Analyze, don't just describe or summarize
Observation / Description versus Analysis
from a professor at MIT:
https://docs.google.com/viewer?url=http://ocw.mit.edu/courses/literature/21l-001-foundations-of-western-culture-homer-to-dante-fall-2008/writing-resources/obser_ver_anlsis.pdf
- Summarizing the plot is not an analysis.
- Don't stay on the surface. Looking at an old house from the curb is interesting, but going into the house and exploring the attic and the basement are more fun. Exploring the rooms and speculating about the personalities of their occupants can be fascinating. The same is true of literary texts. The surface-- the plot-- is interesting enough, but what the text implies, what it suggests, is infinitely more interesting.
- Look for patterns of both similarity and difference. Look for the parallel and the alternate universes. Look for characters that complement each other, that cancel each other out. Ask yourself how these relationships are ironic.

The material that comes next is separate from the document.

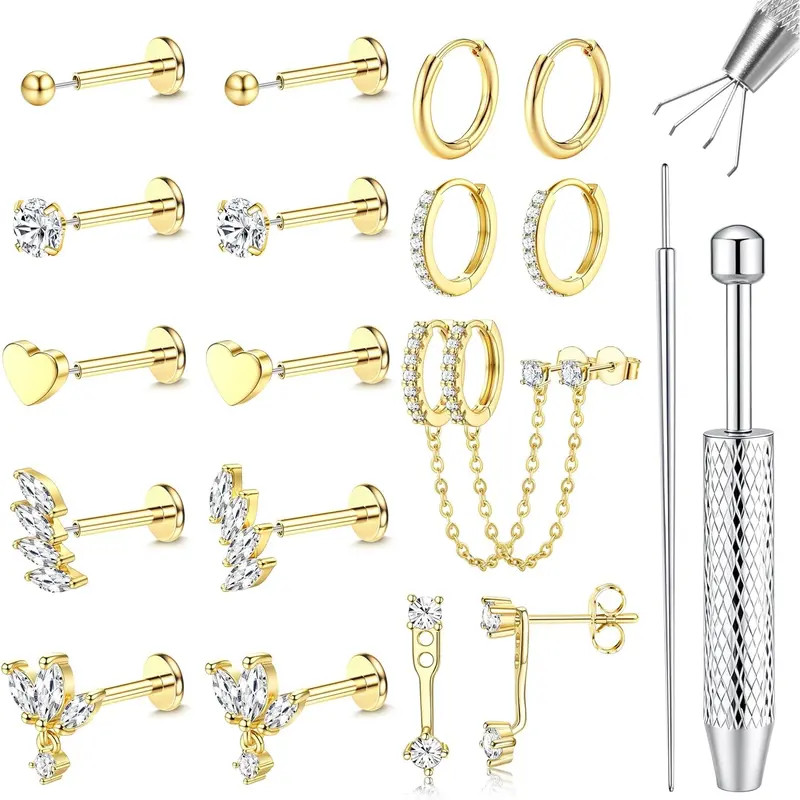 Women's 21-Piece Hypoallergenic Surgical Steel Geometric Body Jewelry Set - 16G/18G/20G Threadless Flat Back Earrings, CZ Studs, Push-In Nose Piercings, Cartilage Hoops for Helix Tragus Conch Labret, Earring Stacking Set for Birthday Christmas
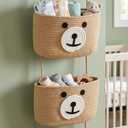 CherryNow Cotton Rope Baby Basket for Nursery, Bear Gift Baskets for Kids, Empty Baby Shower Basket with Handles, Small Cute Animal Baskets, Brown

- Delve into characters' heads. Consider their histories, their motivations, their desires. Take note of how what they say may be different from what they want.
- Consider how aware characters are-- of themselves, of others, of their environments.
- Consider if characters are well adjusted.
- Always consider how any of the above can be ironic.
"Significant to the work as a whole"
- What does the work suggest about characters-- their development, their sense of identity? What is ironic about those revelations?
- What does the work suggest about relationships between characters? What is ironic about these relationships?
- What does the work suggest about our relationship with the world, the universe? Irony?
- What does the work suggest about our destiny and purpose? Irony?
- Consider how a word, an image, a passage can be understood as a microcosm of the work as a whole.
- Consider how a character can be understood as an "everyman." The character's experiences may be applicable to human nature.
Problematize the text:
- Literary texts confront the reader with problems or questions about human nature, society, even how language works or how stories "mean" what they mean. The answers the text suggest may be surprising, confrontational, and paradoxical. In other words, the answers may be ironic.
- Let the text surprise you. Instead of looking for the ways the text coheres as a rational whole, look for the places where the text is ambiguous, problematical, or mysterious.
Literary analysis always involves a discussion of IRONY.